— PROBLEM TO WORK ON —
All of the data is to be repeated verbatim.

— EXTRACTED MATERIAL —
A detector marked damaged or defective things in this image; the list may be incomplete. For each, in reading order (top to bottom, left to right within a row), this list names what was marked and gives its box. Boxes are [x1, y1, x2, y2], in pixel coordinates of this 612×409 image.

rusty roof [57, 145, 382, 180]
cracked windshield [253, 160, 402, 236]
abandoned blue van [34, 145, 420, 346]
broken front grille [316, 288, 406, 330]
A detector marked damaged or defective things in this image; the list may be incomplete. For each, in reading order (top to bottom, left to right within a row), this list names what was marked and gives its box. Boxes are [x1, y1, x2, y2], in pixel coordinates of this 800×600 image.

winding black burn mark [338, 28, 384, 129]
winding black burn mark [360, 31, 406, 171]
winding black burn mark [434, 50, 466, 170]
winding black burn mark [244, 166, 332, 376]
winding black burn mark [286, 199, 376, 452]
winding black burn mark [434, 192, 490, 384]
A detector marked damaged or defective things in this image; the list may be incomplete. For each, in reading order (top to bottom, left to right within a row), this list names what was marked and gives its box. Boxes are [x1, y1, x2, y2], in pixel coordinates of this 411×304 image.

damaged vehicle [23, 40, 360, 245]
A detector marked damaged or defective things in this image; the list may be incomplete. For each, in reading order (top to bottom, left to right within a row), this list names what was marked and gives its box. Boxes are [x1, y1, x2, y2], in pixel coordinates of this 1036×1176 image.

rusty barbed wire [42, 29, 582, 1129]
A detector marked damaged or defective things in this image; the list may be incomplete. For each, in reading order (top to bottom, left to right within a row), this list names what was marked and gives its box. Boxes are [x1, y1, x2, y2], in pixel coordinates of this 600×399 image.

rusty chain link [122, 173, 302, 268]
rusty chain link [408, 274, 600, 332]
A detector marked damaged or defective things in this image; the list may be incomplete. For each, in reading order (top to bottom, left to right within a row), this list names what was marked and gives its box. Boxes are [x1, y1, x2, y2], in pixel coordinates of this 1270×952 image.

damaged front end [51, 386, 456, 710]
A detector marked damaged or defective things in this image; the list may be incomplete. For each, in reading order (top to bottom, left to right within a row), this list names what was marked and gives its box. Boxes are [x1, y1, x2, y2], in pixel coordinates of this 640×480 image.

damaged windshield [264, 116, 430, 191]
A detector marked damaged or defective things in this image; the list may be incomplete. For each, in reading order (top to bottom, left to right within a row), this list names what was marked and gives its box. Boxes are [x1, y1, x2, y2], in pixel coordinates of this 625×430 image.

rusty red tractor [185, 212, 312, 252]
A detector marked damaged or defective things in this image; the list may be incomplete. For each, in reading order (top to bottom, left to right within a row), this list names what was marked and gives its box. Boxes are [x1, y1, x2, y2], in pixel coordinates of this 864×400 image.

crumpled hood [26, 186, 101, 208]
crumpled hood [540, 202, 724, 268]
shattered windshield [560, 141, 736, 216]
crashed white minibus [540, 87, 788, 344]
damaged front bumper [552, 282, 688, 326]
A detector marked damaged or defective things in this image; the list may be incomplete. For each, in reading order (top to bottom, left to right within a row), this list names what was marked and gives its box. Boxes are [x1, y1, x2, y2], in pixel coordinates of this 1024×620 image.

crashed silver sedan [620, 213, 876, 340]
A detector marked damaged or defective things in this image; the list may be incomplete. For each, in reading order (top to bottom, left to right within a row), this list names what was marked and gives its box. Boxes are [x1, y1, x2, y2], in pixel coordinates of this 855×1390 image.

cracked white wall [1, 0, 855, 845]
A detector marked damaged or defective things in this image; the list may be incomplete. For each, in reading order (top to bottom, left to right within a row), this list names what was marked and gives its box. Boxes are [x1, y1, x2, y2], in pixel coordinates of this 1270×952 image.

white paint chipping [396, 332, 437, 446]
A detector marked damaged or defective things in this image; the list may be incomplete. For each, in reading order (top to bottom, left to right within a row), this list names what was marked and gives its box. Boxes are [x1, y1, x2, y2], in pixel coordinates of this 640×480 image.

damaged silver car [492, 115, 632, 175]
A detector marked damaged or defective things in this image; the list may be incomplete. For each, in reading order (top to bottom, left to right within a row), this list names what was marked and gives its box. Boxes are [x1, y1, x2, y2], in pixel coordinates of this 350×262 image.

— OUTPUT BELOW —
A detector marked damaged or defective things in this image; the list may be incomplete. For each, in reading order (top to bottom, left to right within a row), this list names what was marked and gives its box. Boxes are [x1, y1, x2, y2], in pixel coordinates of this 612×409 image.

rusty roof [57, 145, 382, 180]
cracked windshield [253, 160, 402, 236]
abandoned blue van [34, 145, 420, 346]
broken front grille [316, 288, 406, 330]
A detector marked damaged or defective things in this image; the list may be incomplete. For each, in reading order (top to bottom, left to right within a row), this list names what was marked and gives its box. Boxes are [x1, y1, x2, y2], in pixel coordinates of this 800×600 image.

winding black burn mark [338, 28, 384, 129]
winding black burn mark [360, 31, 406, 171]
winding black burn mark [434, 50, 466, 170]
winding black burn mark [244, 166, 332, 376]
winding black burn mark [286, 199, 376, 452]
winding black burn mark [434, 192, 490, 384]
A detector marked damaged or defective things in this image; the list may be incomplete. For each, in reading order (top to bottom, left to right within a row), this list names what was marked and gives its box. Boxes are [x1, y1, x2, y2], in pixel coordinates of this 411×304 image.

damaged vehicle [23, 40, 360, 245]
A detector marked damaged or defective things in this image; the list may be incomplete. For each, in reading order (top to bottom, left to right within a row), this list names what was marked and gives its box. Boxes are [x1, y1, x2, y2], in pixel coordinates of this 1036×1176 image.

rusty barbed wire [42, 29, 582, 1129]
A detector marked damaged or defective things in this image; the list may be incomplete. For each, in reading order (top to bottom, left to right within a row), this list names what was marked and gives its box. Boxes are [x1, y1, x2, y2], in pixel coordinates of this 600×399 image.

rusty chain link [122, 173, 302, 268]
rusty chain link [408, 274, 600, 332]
A detector marked damaged or defective things in this image; the list may be incomplete. For each, in reading order (top to bottom, left to right within a row), this list names what was marked and gives its box. Boxes are [x1, y1, x2, y2], in pixel coordinates of this 1270×952 image.

damaged front end [51, 386, 456, 710]
A detector marked damaged or defective things in this image; the list may be incomplete. For each, in reading order (top to bottom, left to right within a row), this list names what was marked and gives its box. Boxes are [x1, y1, x2, y2], in pixel coordinates of this 640×480 image.

damaged windshield [264, 116, 430, 191]
A detector marked damaged or defective things in this image; the list may be incomplete. For each, in reading order (top to bottom, left to right within a row), this list names what was marked and gives its box. Boxes are [x1, y1, x2, y2], in pixel coordinates of this 625×430 image.

rusty red tractor [185, 212, 312, 252]
A detector marked damaged or defective things in this image; the list may be incomplete. For each, in reading order (top to bottom, left to right within a row), this list names what was marked and gives its box. Boxes are [x1, y1, x2, y2], in pixel coordinates of this 864×400 image.

crumpled hood [26, 186, 101, 208]
crumpled hood [540, 202, 724, 268]
shattered windshield [560, 141, 736, 216]
crashed white minibus [540, 87, 788, 344]
damaged front bumper [552, 282, 688, 326]
A detector marked damaged or defective things in this image; the list may be incomplete. For each, in reading order (top to bottom, left to right within a row), this list names what was marked and gives its box. Boxes are [x1, y1, x2, y2], in pixel coordinates of this 1024×620 image.

crashed silver sedan [620, 213, 876, 340]
A detector marked damaged or defective things in this image; the list may be incomplete. For each, in reading order (top to bottom, left to right within a row), this list names what was marked and gives its box. Boxes are [x1, y1, x2, y2], in pixel coordinates of this 855×1390 image.

cracked white wall [1, 0, 855, 845]
A detector marked damaged or defective things in this image; the list may be incomplete. For each, in reading order (top to bottom, left to right within a row), this list names what was marked and gives its box. Boxes are [x1, y1, x2, y2], in pixel coordinates of this 1270×952 image.

white paint chipping [396, 332, 437, 446]
A detector marked damaged or defective things in this image; the list may be incomplete. For each, in reading order (top to bottom, left to right within a row), this list names what was marked and gives its box. Boxes are [x1, y1, x2, y2], in pixel coordinates of this 640×480 image.

damaged silver car [492, 115, 632, 175]
A detector marked damaged or defective things in this image; the list may be incomplete. For each, in reading order (top to bottom, left to right within a row), this list names what was marked and gives its box. Boxes are [x1, y1, x2, y2], in pixel coordinates of this 350×262 image.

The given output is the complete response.